Try it. Locate "10/30/50PCS Ins Style" in the records below, then copy its line and every following line exactly, without the pictures.

---------- Supplied records ----------

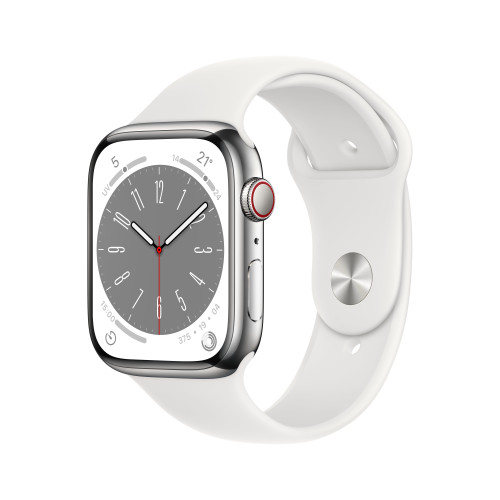 Apple Apple Watch Series 8 OLED 45 mm Digital 396 x 484 pixlar Pekskärm 4G Silver Wi-Fi GPS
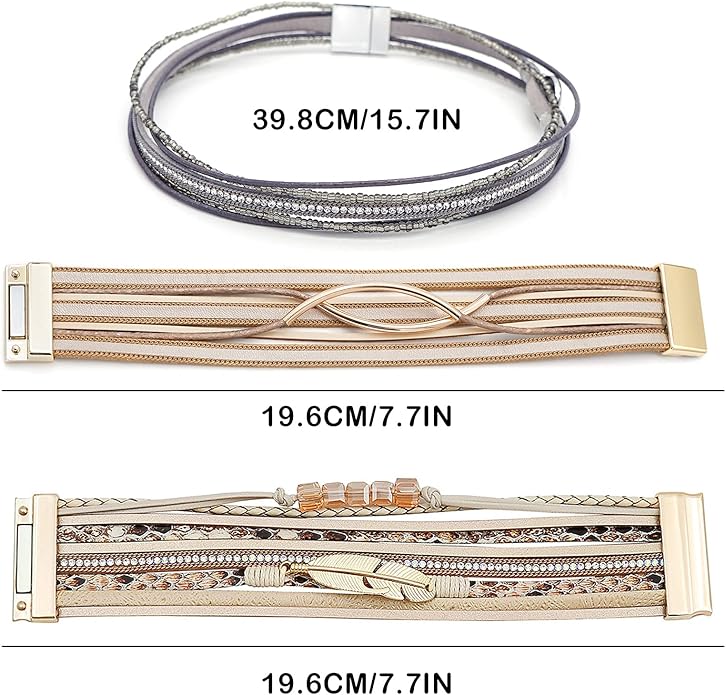 Wowanoo 3Pack Leather Cuff Bracelet Set Multilayer Wrap Bracelet Crystal Feather Tree Bracelet Magnetic Clasp Bracelet for Women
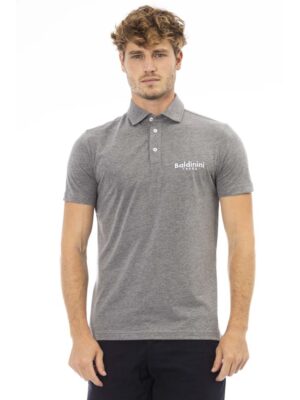 Baldinini Trend Gray Cotton Mens Polo Shirt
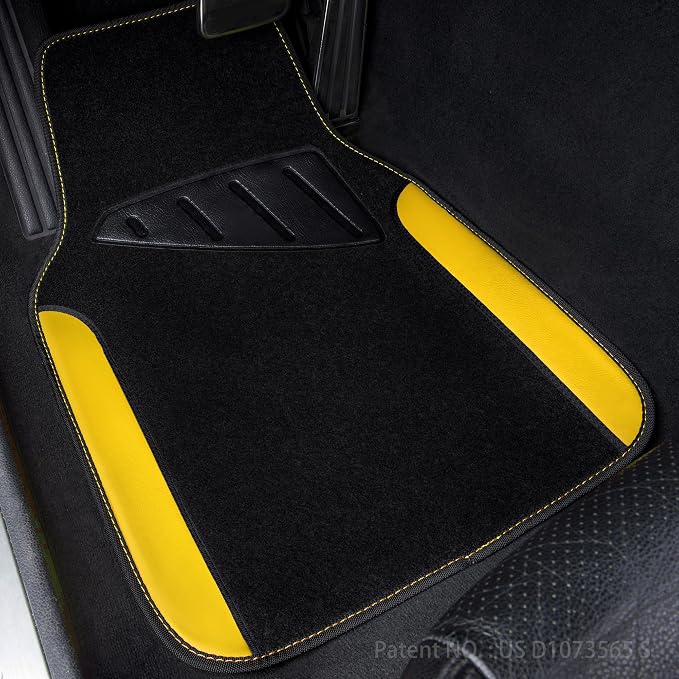 CAR PASS Waterproof Universal Fit Car Floor Mats, Car Mats Fit for SUV,Vans,sedans, Trucks,Set of 4pcs Car Carpet with Driver Heel Pad (Black and Yellow) - Image 7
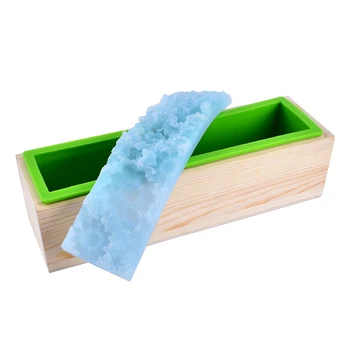 Правоъгълна силиконова форма за сапун с дървена кутия и цветя на мат, инструмент за производството на сапун с релефна ръчна изработка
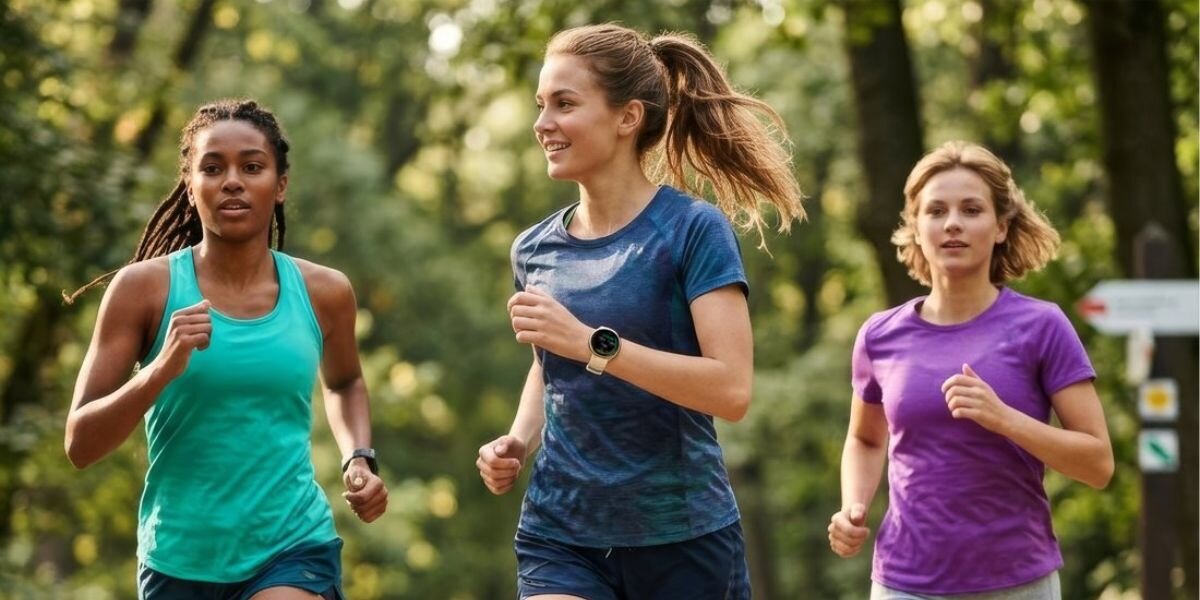 Trzy osoby biegną w parku, każda z nich ma na nadgarstku smartwatch. W tle widać drzewa i rozmyte oznaczenia szlaków.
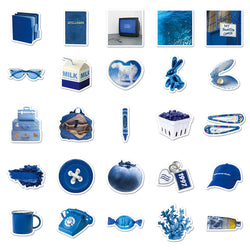 10/30/50PCS Ins Style Cartoon Blue Stickers Graffiti Decoration DIY Phone Bike Guitar Notebook Skateboard Kids Cute Decals Toys (ONLINE ORDER ONLY)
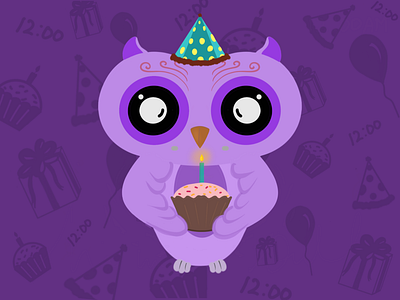 The Bday Owl bday bird birthday illustration owl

----------

Response.
 10/30/50PCS Ins Style Cartoon Blue Stickers Graffiti Decoration DIY Phone Bike Guitar Notebook Skateboard Kids Cute Decals Toys (ONLINE ORDER ONLY)
 The Bday Owl bday bird birthday illustration owl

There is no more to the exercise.